While Maine has outlawed sludge as an agricultural fertilizer, preferring to landfill it to stop the spread of the harmful forever chemicals lurking within, California has taken the opposite tack.
That state has instead essentially banned sludge landfilling in favor of recycling 90 percent of its organic waste, including sludge, to lower its greenhouse gas emissions. California’s sludge is still spread on farm fields as fertilizer.
Other states fall somewhere in between California, known for an environmental ethic that produced the nation’s first greenhouse gas regulatory program, and Maine, which hails itself as a leader in legislative efforts to stop the spread of harmful per- and poly-fluoroalkyl substances, called “forever chemicals” or PFAS.
In the background, lagging a few years behind the states, the U.S. Environmental Protection Agency has been slowly unrolling its own PFAS plan. It only just released proposed drinking water standards this month. It won’t issue its first federal PFAS guidance for sludge fertilizer until 2024.
“It is a bit of the Wild West out there right now,” said Brian Staley, president of Environmental Research and Education Foundation, a group that studies sustainable waste practices. “California may be ahead of Maine on greenhouse gas emissions, Maine may be ahead on PFAS, and everybody is ahead of the EPA.”
Some states, like Virginia, are waiting for federal guidance, while others, like Maine, have pursued their own policies. The lack of consensus has resulted in a patchwork of contradictory definitions, limits, disclosure requirements and bans of PFAS.
“As a nation, we’re still at the very beginning when it comes to PFAS,” said Sonya Lunder, senior toxics policy adviser for the Sierra Club. “A handful of states, maybe 10, are just starting to think about testing for PFAS in sludge, while the rest are sorting out water. You’ve got to learn to crawl before you walk.”
Maine’s recent disposal crisis shows it is still learning how to manage the never-ending supply of sludge, the semi-solid byproduct of wastewater treatment plants.
Late last month, Juniper Ridge in Old Town, the one state-owned landfill that can accept large amounts of sludge, started turning away sludge deposits, saying it had been landfilling too much of the wet stuff and not enough dry waste to bulk it up. The walls of the landfill were in danger of collapsing.

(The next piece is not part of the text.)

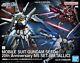 Nouveau Kit P-bandai Hg 1/144 Gundam Seed 20ème Anniversaire Set Revêtement Métallique
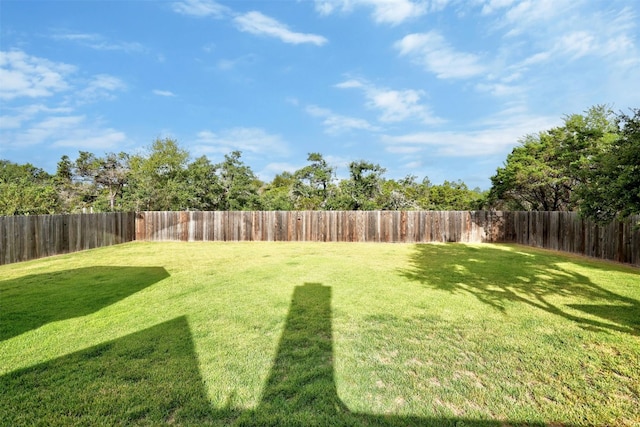 view of yard featuring a fenced backyard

The emergency closure left sewer operators unsure about what to do with their sludge, which started to pile up in storage trailers and back up in plant overflow tanks. The landfill operator struck a pricey deal to truck it up to New Brunswick to be composted, albeit at much higher rates.
It’s unclear how long that arrangement will last, however, as New Brunswick provincial authorities that oversee sludge importation are under pressure to adopt a moratorium on U.S. waste shipments, just like Quebec did when other U.S. states sent their sludge there.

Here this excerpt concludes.